**WORK REQUEST**
Below are entries with pictures among them; reproduce exactly, and only, the lines from the one containing "Arsenal FC logo on patterned background" down to the one containing "Op de afbeelding: Een", without the pictures.

(DATA LISTING Opens)

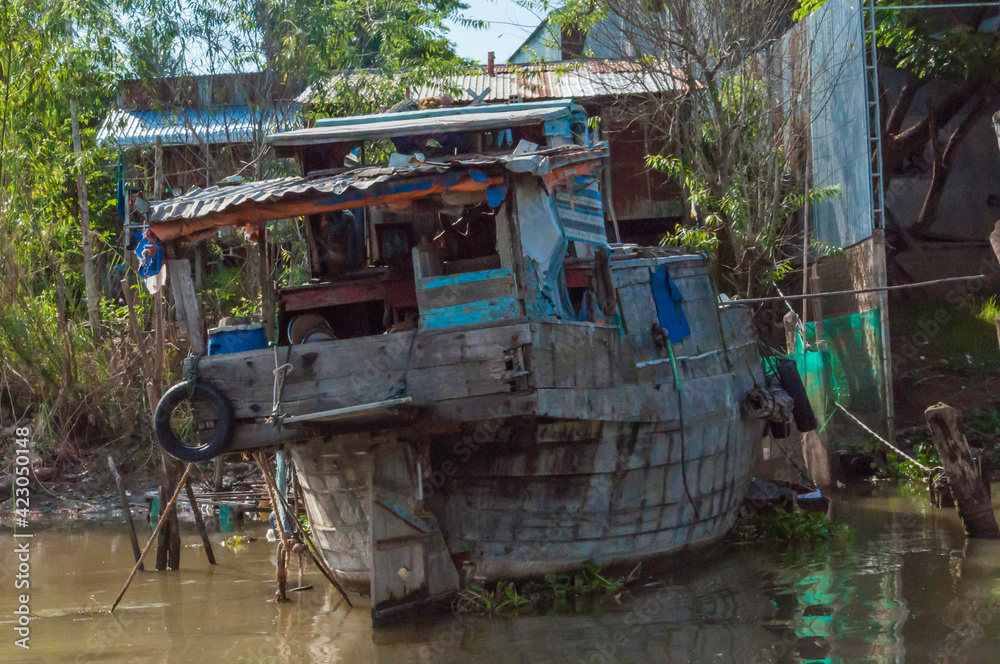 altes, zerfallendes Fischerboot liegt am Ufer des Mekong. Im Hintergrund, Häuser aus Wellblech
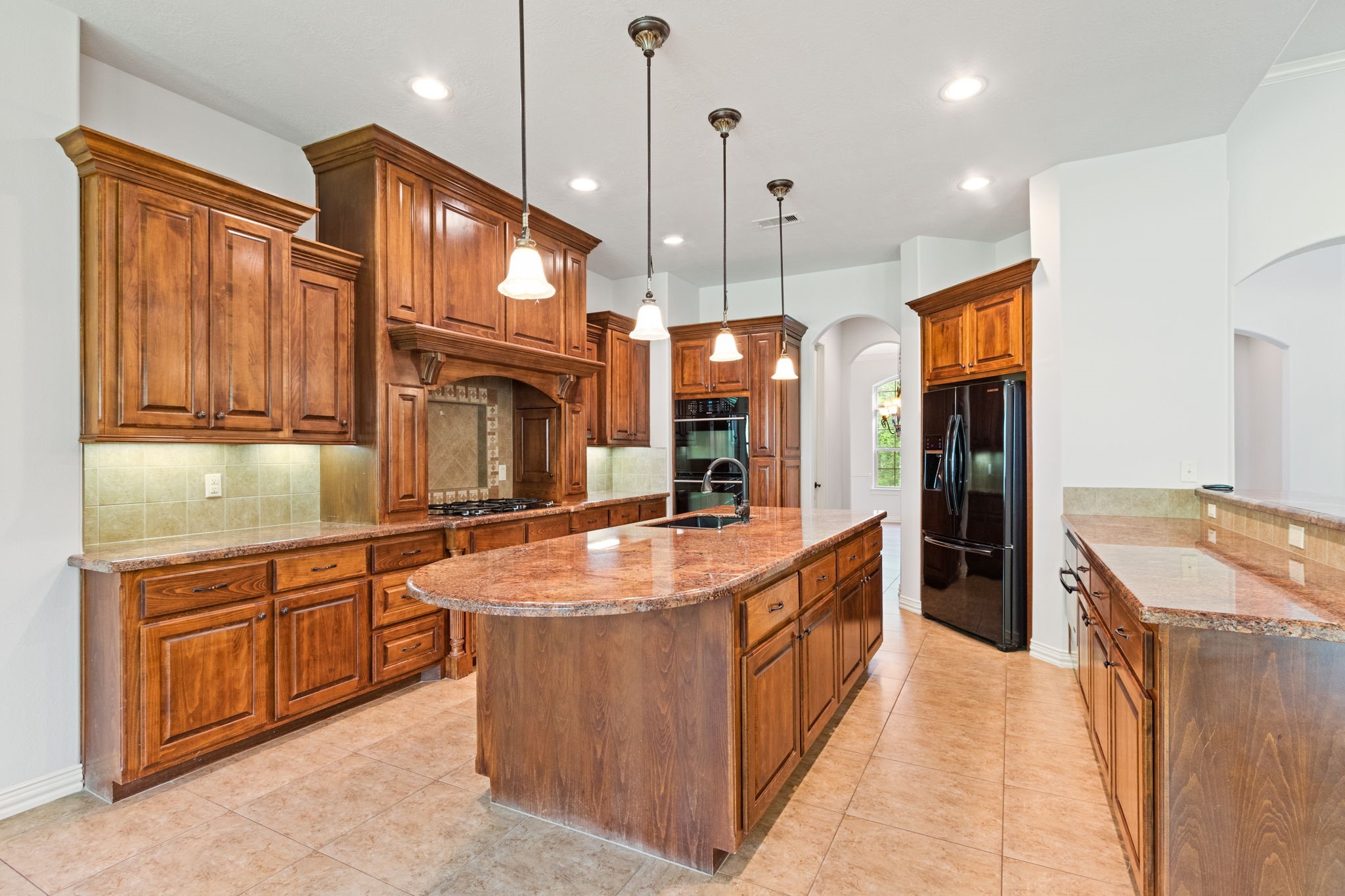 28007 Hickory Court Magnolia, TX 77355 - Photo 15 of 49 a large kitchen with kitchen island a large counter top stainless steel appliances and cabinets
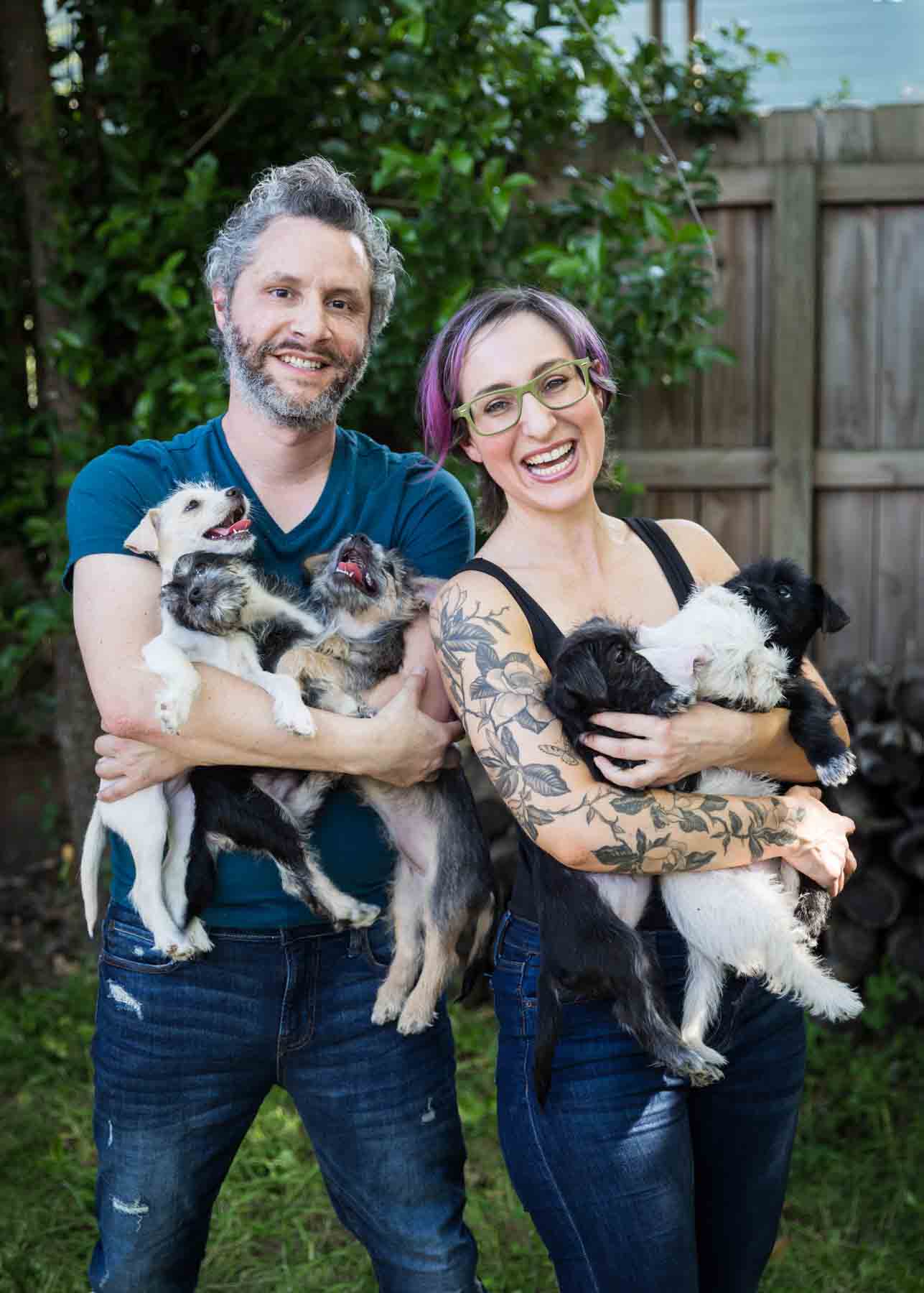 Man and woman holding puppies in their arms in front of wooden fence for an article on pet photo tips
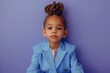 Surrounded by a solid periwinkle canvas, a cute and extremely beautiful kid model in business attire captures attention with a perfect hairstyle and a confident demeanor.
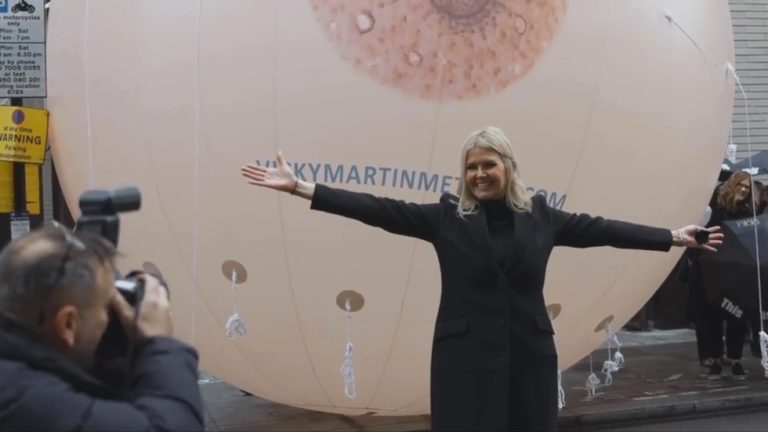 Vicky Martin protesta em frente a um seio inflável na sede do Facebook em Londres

(DATA LISTING Closes)
(DATA LISTING Opens)

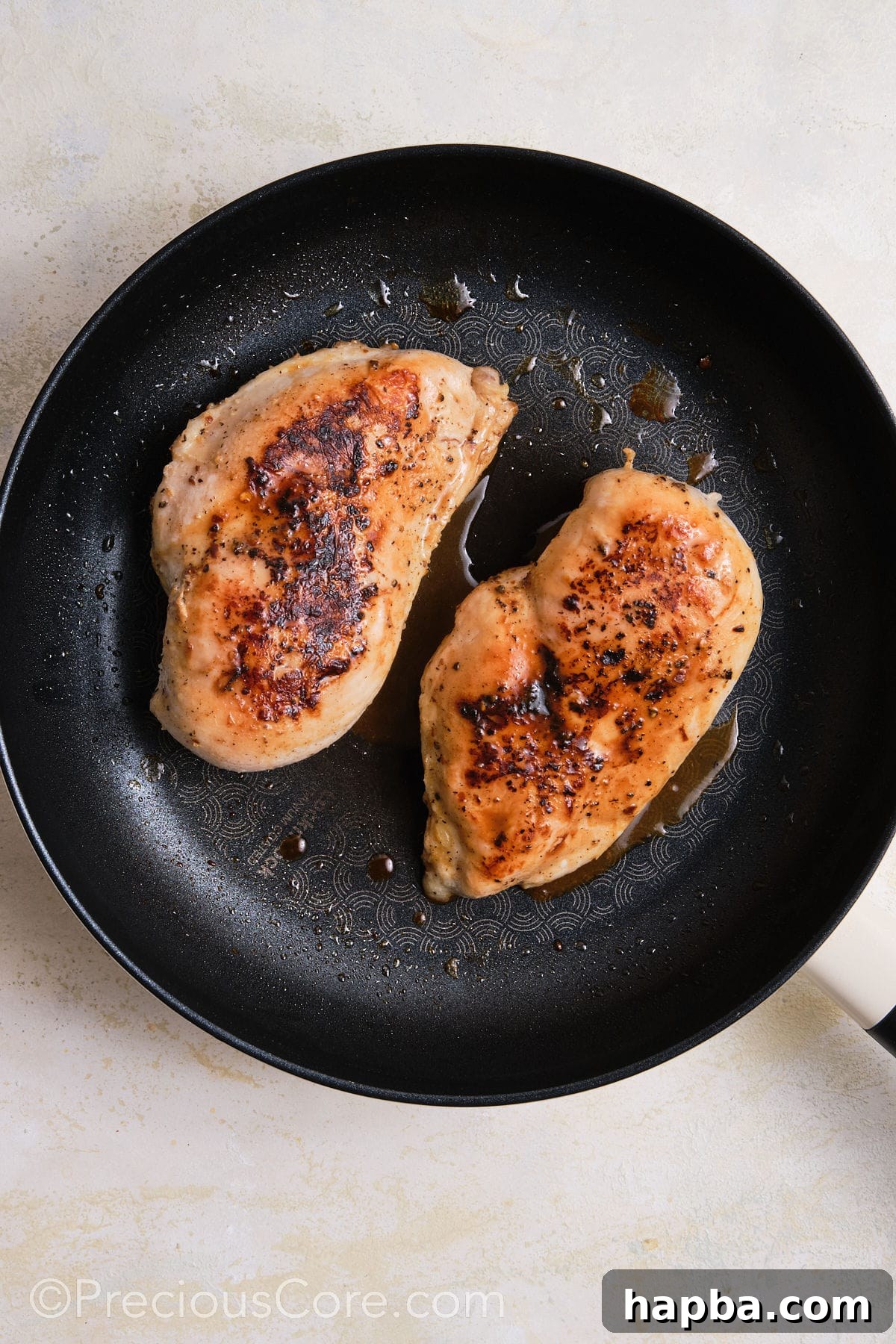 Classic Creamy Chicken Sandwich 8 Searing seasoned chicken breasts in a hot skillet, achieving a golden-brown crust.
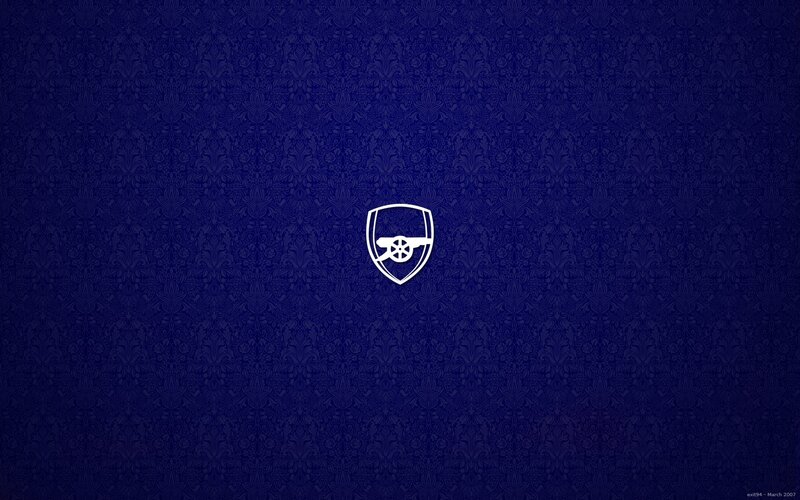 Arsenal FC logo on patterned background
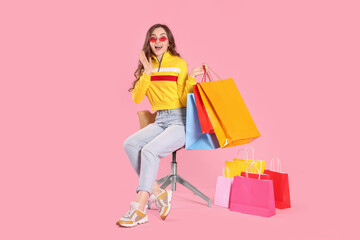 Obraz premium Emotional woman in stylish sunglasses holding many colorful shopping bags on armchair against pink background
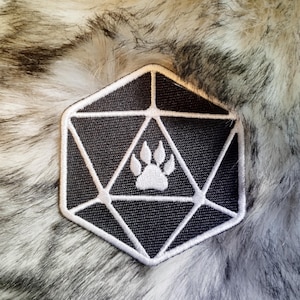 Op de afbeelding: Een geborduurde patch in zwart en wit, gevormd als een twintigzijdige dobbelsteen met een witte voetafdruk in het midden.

(DATA LISTING Closes)
(DATA LISTING Opens)

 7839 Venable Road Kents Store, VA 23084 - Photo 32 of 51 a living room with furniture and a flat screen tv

(DATA LISTING Closes)

**ANSWER FOR THE TASK**
 Arsenal FC logo on patterned background
 Obraz premium Emotional woman in stylish sunglasses holding many colorful shopping bags on armchair against pink background
 Op de afbeelding: Een geborduurde patch in zwart en wit, gevormd als een twintigzijdige dobbelsteen met een witte voetafdruk in het midden.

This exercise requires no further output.